La penna degli Altri 28/06/2019 14:01
Inchiesta sullo stadio, concessi i domiciliari al legale socio di De Vito
IL MESSAGGERO (A. PIERUCCI) - Ai domiciliari dopo novantasette giorni di Regina Coeli. Prima scarcerazione eccellente, per il troncone dello scandalo stadio che ha fatto tremare il Campidoglio, per l'avvocato Camillo Mezzacapo, l'amico fedelissimo ed ex collega di studio di Marcello De Vito, il presidente dell'assemblea capitolina (M5S) con lui finito in manette il 20 marzo. Il giudice per le indagini preliminari Maria Paola Tomaselli ha autorizzato gli arresti domiciliari ieri pomeriggio. A un passo dalla chiusura delle indagini non si correrebbe più il rischio dell'inquinamento delle prove, così, anche i due pm titolari delle indagini, Luigia Spinelli e Barbara Zuin, hanno dato parere favorevole alla richiesta avanzata dai legali di Mezzacapo, i penalisti Fabio Frattini e Francesco Petrelli.
Il giorno dopo essere stato arrestato, davanti al gip, Mezzacapo aveva scelto di avvalersi della facoltà di non rispondere. Si era limitato a dichiarazioni spontanee per cercare di respingere, almeno in parte, le accuse. Nelle ultime settimane, invece, ha deciso di fare un passo in più e si è sottoposto a due interrogatori, «per chiarire», non collaborare. Mezzacapo, come De Vito, è accusato di corruzione e traffico di influenze, per avere incassato tangenti destinate al politico dagli imprenditori Luca Parnasi, Claudio e Pierluigi Toti e Giuseppe Statuto. «Conosco Marcello da quasi 20 anni, abbiamo studiato insieme - aveva raccontato - Solo amicizia la nostra». Aveva sostenuto di non avere mai pagato o ricevuto mazzette o ottenuto incarichi insieme all'amico: «Di politica non parlavamo più di tanto, l'unica cosa che ho fatto con Marcello è uscire, andare a delle cene con lui, perché facevamo attività di promozione professionale».

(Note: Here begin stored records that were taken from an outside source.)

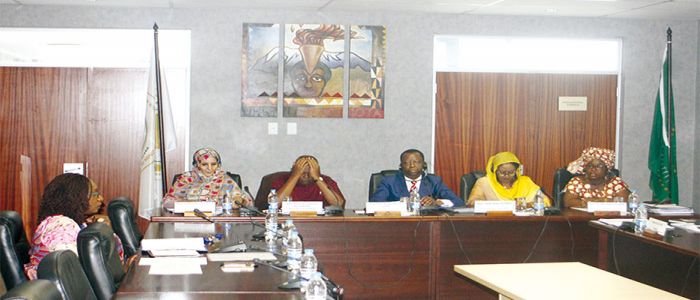 Parlement panafricain: session extraordinaire à Midrand Parlement panafricain: session extraordinaire à Midrand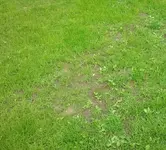 2013-07-11 14.34.00.webp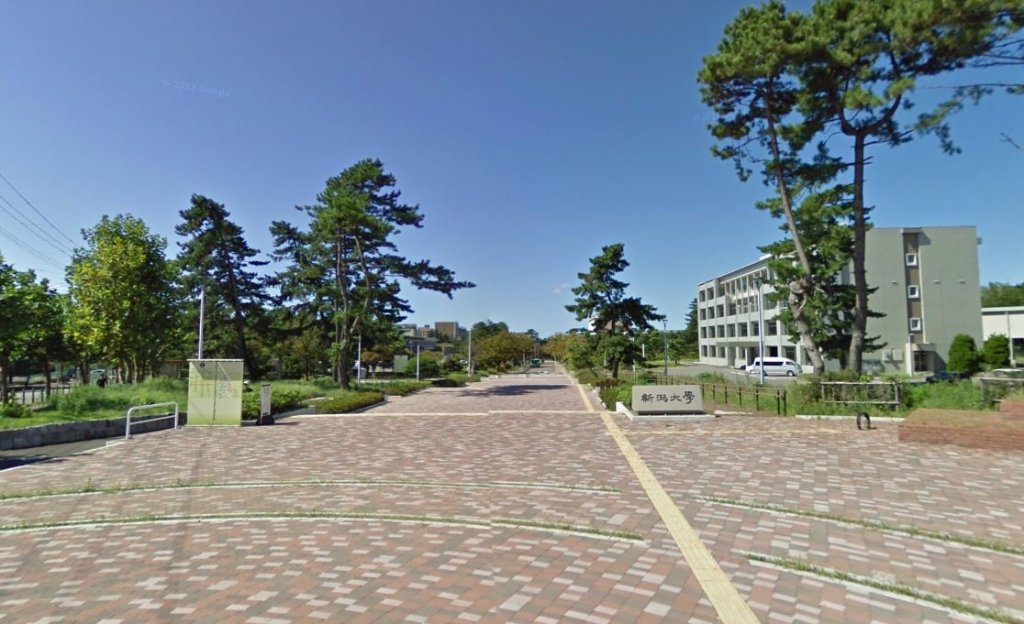 大学・短大　新潟大学五十嵐キャンパス（大学・短大）まで973m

Mezzacapo aveva sostenuto pure che De Vito non avesse un ruolo decisionale: «È un personaggio pubblico, ma di quelli che tagliano i nastri, senza poteri». Per i giudici del Riesame De Vito, invece non era un uomo che «tagliava solo nastri», come aveva sostenuto il socio in affari Mezzacapo, ma era «l'amico potente», capace di sfruttare la sua influenza all'interno dei Cinquestelle e al Comune, riuscendo così a condizionare le scelte degli assessori e andando oltre le proprie competenze, per perseguire l'interesse di gruppi imprenditoriali privati, «con un profondo disprezzo per la funzione pubblica svolta». De Vito, ancora in carcere, avrebbe ideato un format corruttivo: incarichi legali allo studio Mezzacapo per promuovere i progetti di gruppi Parnasi, Statuto e Toti. È ormai nota l'intercettazione di Mezzacapo che illustra l'intreccio con l'amico politico. «Questa congiunzione astrale... è tipo l'allineamento della cometa di Halley, hai capito?... Cioè guarda... ci rimangono due anni». Risale al 2 febbraio, un mese prima dell'arresto.